### SUPPLIED DATA
Start of Block

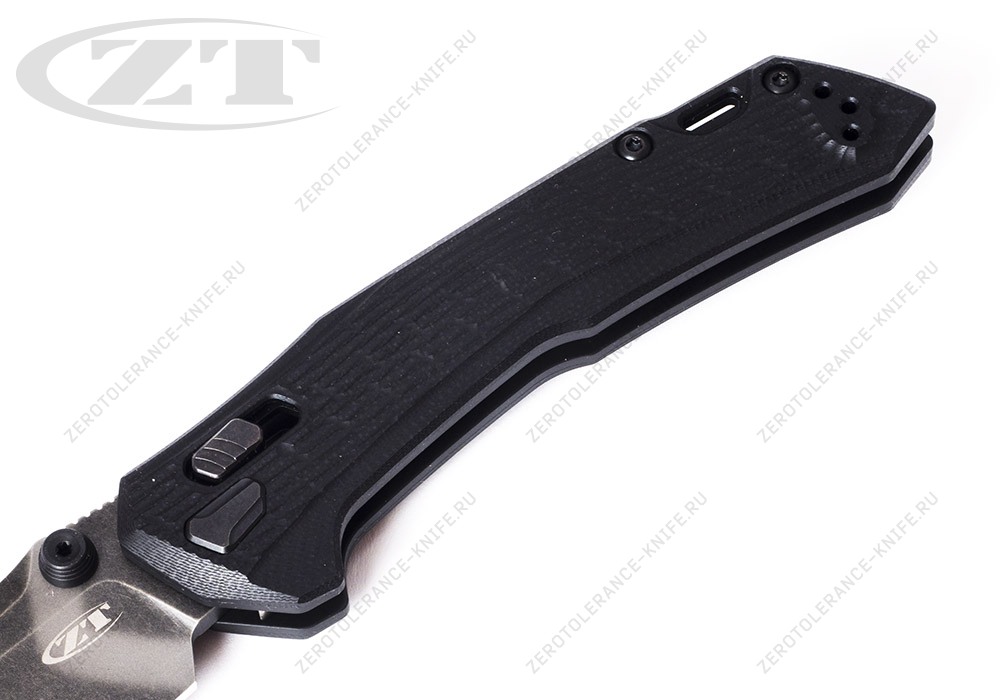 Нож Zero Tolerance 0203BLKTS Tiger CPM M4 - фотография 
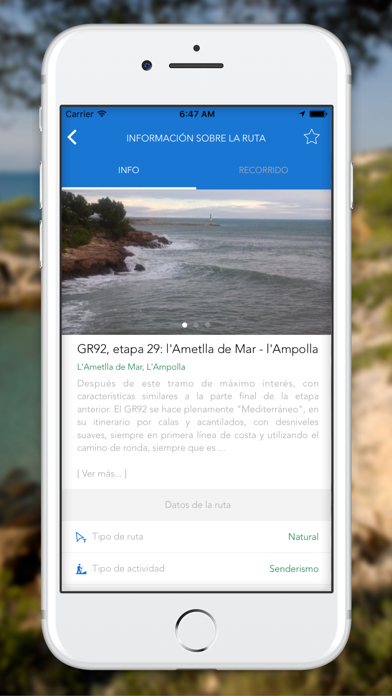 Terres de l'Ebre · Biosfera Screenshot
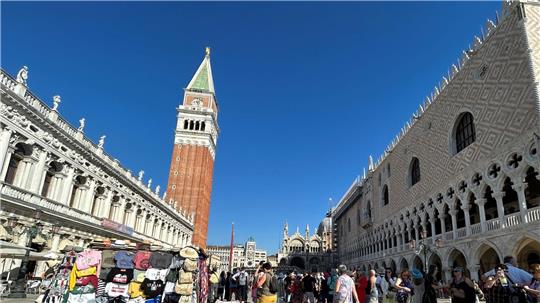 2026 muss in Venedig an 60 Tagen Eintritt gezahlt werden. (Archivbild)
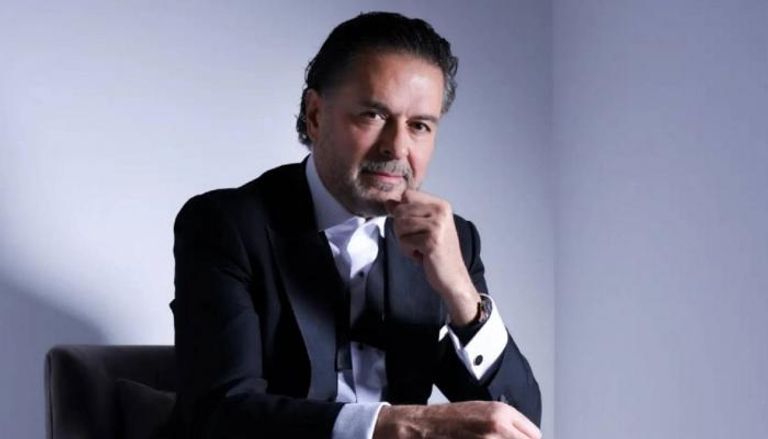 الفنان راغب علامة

End of Block
Start of Block

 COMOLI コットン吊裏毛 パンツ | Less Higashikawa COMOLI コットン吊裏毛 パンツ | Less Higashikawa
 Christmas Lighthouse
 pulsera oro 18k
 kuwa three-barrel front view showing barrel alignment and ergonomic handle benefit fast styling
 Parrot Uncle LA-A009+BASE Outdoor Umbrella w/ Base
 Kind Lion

End of Block
Start of Block

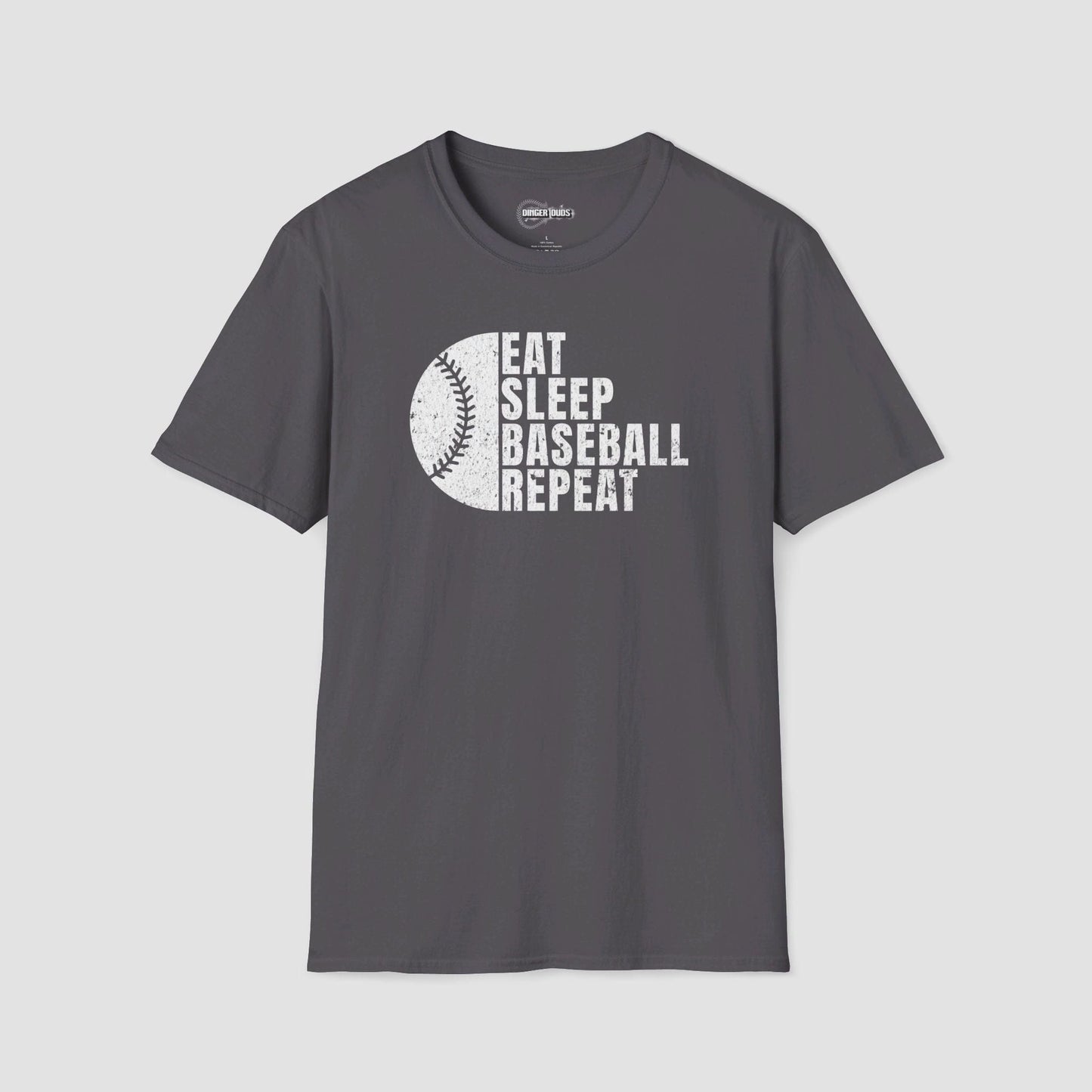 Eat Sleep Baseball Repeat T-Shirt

End of Block

### TASK ITEM
The required output is the stretch of entries above from the line containing "COMOLI コットン吊裏毛 パンツ | Less Higashikawa COMOLI" through the line containing "Parrot Uncle LA-A009+BASE", reproduced exactly.

### TASK RESPONSE
 COMOLI コットン吊裏毛 パンツ | Less Higashikawa COMOLI コットン吊裏毛 パンツ | Less Higashikawa
 Christmas Lighthouse
 pulsera oro 18k
 kuwa three-barrel front view showing barrel alignment and ergonomic handle benefit fast styling
 Parrot Uncle LA-A009+BASE Outdoor Umbrella w/ Base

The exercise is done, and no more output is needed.